A LORRY container became a “tomb” when 39 desperate men, women and children suffocated as they were smuggled across the English Channel, a court has heard.
Temperatures in the pitch-black refrigerated unit reached an “unbearable” 38.5C (101F) as the Vietnamese nationals were sealed inside for at least 12 hours, jurors were told.
Unable to raise the alarm, one of them – a 28-year-old woman – wrote a text message that was never sent, saying: “Maybe going to die in the container, can’t breathe any more dear.”
Jurors were told the cost of being smuggled across the English Channel in the back of a lorry was some £10,000 per person.
Lorry driver Eamonn Harrison and “key player” Gheorghe Nica, from Langdon Hills, are on trial accused of the manslaughter of the 39 migrants who were found dead after the lorry arrived in Purfleet and was driven to Grays in October last year.
The pair are also accused of being part of a people-smuggling conspiracy with another lorry driver, Christopher Kennedy, and Valentin Calota.
Opening the trial, Bill Emlyn Jones told jurors it was a “sad and unavoidable truth” that some people were prepared to go to great lengths to come to the UK “for a better life”.
Their desperation made them vulnerable to exploitation by those who did not care about immigration law and saw them as an opportunity to make money, the prosecutor said.
Mr Emlyn Jones said the people-smuggling team had operated successful runs before the one in October last year that went “dreadfully wrong”.
He told jurors: “Obviously, any time you fill an airtight container with a large number of people, where they will be left for hours and hours, with no means of escape and no means of communication with the outside world – well, it is fraught with danger.”
On October 22, the 39 Vietnamese nationals were loaded into the back of a lorry in northern Europe, he said.
Harrison drove them to Zeebrugge in Belgium, and unhooked his trailer where it was loaded onto a cargo ship bound for Purfleet, jurors heard.
Another lorry driver, Maurice Robinson, then collected the trailer from Purfleet when it arrived just after midnight on October 23.
Mr Emlyn Jones said that by then it had been some 12 hours at least since “any meaningful amount of fresh air had been let into the sealed container”.
Robinson knew he had to check on the occupants, having been sent a message from his boss to “give them air quickly, but don’t let them out”, the court heard.
The prosecutor added: “Robinson drove out of Purfleet port and almost immediately stopped and opened the doors at the back.
“What he found must haunt him still.
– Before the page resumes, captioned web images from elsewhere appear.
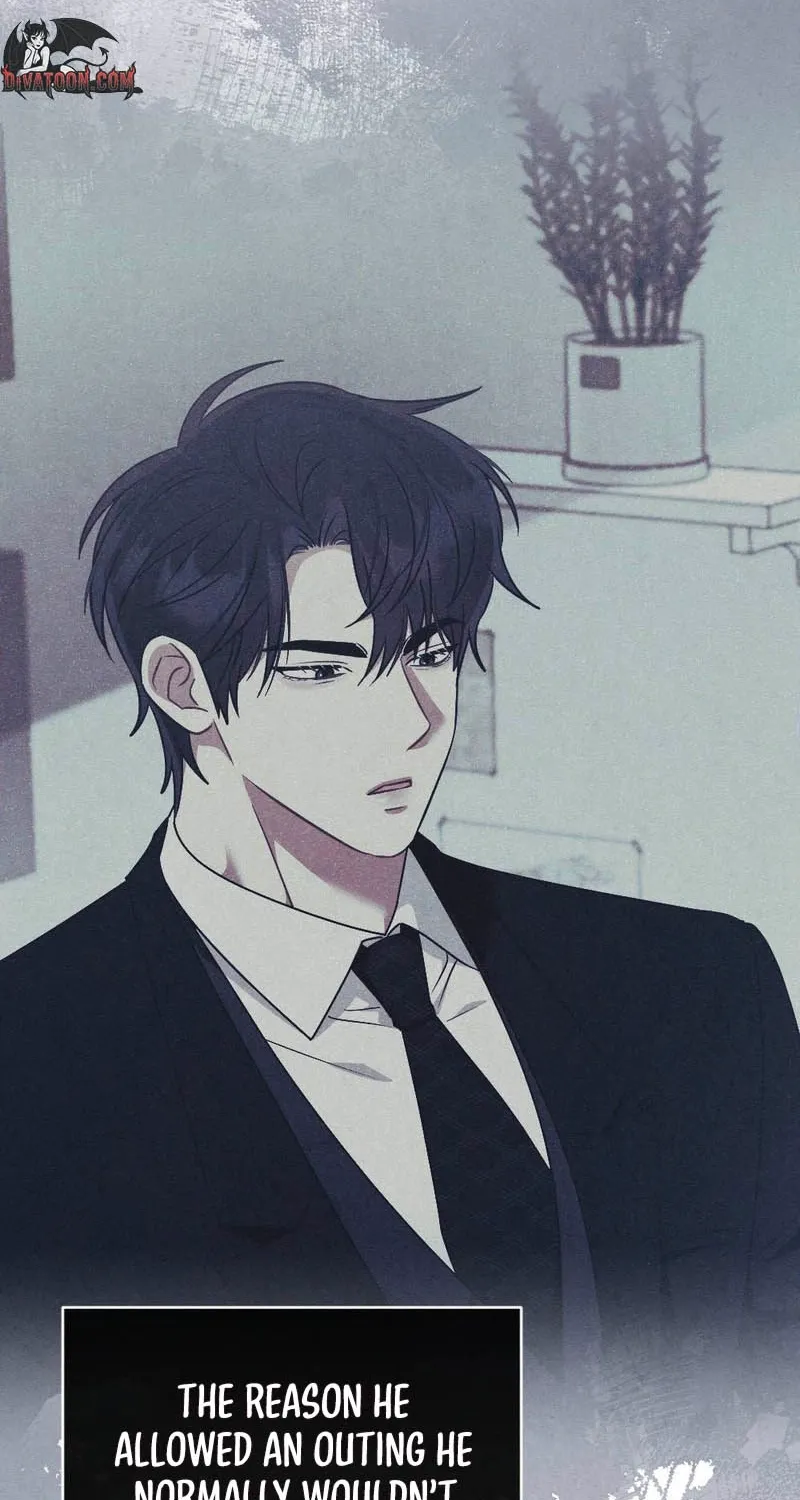 Read Your Wife chapter 13 image 46 on Lezhin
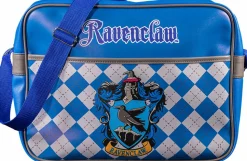 Harry Potter - Ravenclaw Messenger Bag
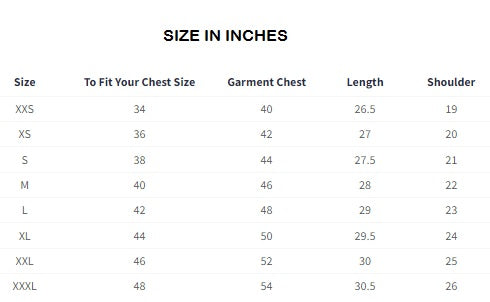 Souled Originals Fusion Brown Oversized T-Shirts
For the 39 men and women inside, that lorry had become their tomb.”
The refrigerator had not been turned on during the journey, meaning the temperature inside the trailer rose to 38.5C, Mr Emlyn Jones said.
When Kennedy learned of the deaths, he told a friend it “must have been too many and run out of air”, the court heard.
Mr Emlyn Jones said: “What it must have been like inside that lorry does not bear thinking about. In fact, we do have some direct evidence of what the victims were going through, recovered from some of their mobile phones.
“They had no signal inside the container, so could not call for help or alert the outside world to their plight. But naturally, in desperation, they tried.”
Nica, 43, and Harrison, 23, of Mayobridge, Co Down, Northern Ireland, deny 39 counts of manslaughter.
Nica has admitted conspiracy to assist unlawful immigration between May 1 2018 and October 24 2019.
Harrison, Calota, 37, of Birmingham, and Kennedy, 24, of Co Armagh, Northern Ireland, deny the conspiracy charge. Nica was said by the prosecution to be a “key player” in the smuggling operation.
On October 23 last year, he was in the area of Purfleet “primed” to meet the human cargo and was the second person Robinson called within seconds of the discovery of the bodies, jurors heard.
Previously, Kennedy had collected smuggled migrants at Purfleet and Calota had met them at a pick-up point nearby for onward transportation, it was alleged.
The court heard Robinson and haulage boss Ronan Hughes had pleaded guilty to the manslaughters and the people-smuggling plot.
Hughes, 41, who had a haulage company based in Co Monaghan, in Northern Ireland, played a “significant role” in organising the movement of his drivers, jurors were told.
Two other defendants have also admitted their part in the wider people-smuggling operation.